We intend to improve and develop techniques for the reconstruction of complex networks from multidimensional climatological data. For this there are important methodological problems to solve because observations from the Earth system are typically rather short, noisy, and far from being stationary.

We propose to develop a framework for studying interacting networks. It will consist of various well- defined models of network interactions, new tools for characterisation and classification of coupled networks, simulation and numerical methods, as well as analytical tools based on percolation theory and generating functions for studying the robustness of interacting networks.

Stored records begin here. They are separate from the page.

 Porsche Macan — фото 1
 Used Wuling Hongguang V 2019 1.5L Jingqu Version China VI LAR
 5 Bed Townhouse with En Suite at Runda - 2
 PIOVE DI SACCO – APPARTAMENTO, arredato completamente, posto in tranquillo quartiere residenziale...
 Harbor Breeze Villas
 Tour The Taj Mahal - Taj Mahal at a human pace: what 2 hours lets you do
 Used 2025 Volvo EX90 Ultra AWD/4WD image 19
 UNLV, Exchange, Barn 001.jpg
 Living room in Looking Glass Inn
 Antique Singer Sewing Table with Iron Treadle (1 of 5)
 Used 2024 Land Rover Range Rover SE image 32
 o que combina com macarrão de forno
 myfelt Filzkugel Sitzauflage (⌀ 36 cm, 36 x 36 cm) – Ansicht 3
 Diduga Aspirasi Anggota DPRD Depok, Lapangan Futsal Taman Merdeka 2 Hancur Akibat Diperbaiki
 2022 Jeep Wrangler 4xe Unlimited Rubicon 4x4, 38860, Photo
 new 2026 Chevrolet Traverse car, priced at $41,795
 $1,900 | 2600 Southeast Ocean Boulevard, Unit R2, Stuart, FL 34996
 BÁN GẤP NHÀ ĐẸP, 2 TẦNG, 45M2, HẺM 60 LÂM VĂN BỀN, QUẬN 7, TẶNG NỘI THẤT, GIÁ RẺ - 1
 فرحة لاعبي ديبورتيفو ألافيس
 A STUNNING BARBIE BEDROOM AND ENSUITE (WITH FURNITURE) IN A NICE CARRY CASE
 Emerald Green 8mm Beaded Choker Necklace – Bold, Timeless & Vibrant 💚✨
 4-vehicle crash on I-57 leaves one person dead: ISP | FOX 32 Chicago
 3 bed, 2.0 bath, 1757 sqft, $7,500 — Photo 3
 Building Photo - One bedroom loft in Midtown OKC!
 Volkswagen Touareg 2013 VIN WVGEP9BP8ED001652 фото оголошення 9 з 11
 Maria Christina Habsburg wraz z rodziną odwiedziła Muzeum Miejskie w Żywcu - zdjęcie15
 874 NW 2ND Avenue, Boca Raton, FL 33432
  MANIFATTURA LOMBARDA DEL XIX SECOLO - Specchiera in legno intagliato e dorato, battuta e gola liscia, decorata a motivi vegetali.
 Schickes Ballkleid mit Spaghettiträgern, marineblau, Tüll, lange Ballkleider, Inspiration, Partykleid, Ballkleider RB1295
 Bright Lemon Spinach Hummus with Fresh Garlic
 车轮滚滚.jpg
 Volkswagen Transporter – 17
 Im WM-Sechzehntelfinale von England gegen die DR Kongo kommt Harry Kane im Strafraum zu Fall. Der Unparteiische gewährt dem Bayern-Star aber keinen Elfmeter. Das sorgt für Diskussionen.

We aim to establish a theory that connects changes in network properties to specific physical processes of climate variability on interannual-to-interdecadal time scales. An important issue in this part of LINC will therefore be to connect network characteristics and measures (e.g. closeness centrality, betweenness centrality) to specific physical processes, which provides coupling between WP3 and WP1). 

In LINC we will use the huge CMIP5 data base together with stand-alone atmospheric GCMs to study mechanisms of atmospheric teleconnection and climate variability on inter-annual to inter-decadal time scales. 

An important topic in which the innovative introduction of network thinking in climatology can have important rewards is in the characterization of regime transitions in the climate systems. Methodologies to detect regime shifts in past time series have been developed, both in the climatic context and beyond.